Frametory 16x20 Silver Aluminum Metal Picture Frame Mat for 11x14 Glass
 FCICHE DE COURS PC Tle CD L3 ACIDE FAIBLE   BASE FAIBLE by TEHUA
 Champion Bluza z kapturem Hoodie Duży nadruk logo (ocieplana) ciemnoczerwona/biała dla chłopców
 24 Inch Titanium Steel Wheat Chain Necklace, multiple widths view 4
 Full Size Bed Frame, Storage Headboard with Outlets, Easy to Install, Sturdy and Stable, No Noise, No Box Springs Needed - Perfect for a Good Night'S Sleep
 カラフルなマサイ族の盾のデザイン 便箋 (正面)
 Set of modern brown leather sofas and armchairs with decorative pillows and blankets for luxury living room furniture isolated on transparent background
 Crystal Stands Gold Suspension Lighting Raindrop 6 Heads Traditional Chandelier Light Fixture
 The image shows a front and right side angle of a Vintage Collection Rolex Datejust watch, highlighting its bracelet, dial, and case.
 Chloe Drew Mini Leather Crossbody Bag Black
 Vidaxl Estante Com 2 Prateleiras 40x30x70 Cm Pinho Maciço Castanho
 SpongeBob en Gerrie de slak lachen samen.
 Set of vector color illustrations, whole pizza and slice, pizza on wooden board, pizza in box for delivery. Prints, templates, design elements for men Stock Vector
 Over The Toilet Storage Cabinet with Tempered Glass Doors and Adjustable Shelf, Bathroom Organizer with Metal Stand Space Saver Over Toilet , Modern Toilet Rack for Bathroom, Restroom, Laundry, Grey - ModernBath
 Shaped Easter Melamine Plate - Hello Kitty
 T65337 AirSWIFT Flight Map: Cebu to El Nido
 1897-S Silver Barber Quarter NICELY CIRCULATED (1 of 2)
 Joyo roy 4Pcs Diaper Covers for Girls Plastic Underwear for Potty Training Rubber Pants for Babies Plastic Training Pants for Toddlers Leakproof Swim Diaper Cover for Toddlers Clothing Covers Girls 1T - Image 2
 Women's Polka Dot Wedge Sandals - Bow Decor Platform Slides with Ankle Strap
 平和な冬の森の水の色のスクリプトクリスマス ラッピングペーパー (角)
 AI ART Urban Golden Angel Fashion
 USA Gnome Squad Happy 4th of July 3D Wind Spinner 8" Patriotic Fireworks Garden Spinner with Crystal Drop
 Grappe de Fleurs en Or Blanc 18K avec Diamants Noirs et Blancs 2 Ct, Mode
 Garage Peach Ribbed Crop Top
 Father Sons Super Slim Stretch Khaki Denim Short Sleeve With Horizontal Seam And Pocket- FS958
_ _ _ _ _ _ _
→ **PROBLEM TO WORK ON**:
Filter the entries down to the lines with the word "Metal" in them.

→ **ANSWER TO THE PROBLEM**:
Frametory 16x20 Silver Aluminum Metal Picture Frame Mat for 11x14 Glass
 Over The Toilet Storage Cabinet with Tempered Glass Doors and Adjustable Shelf, Bathroom Organizer with Metal Stand Space Saver Over Toilet , Modern Toilet Rack for Bathroom, Restroom, Laundry, Grey - ModernBath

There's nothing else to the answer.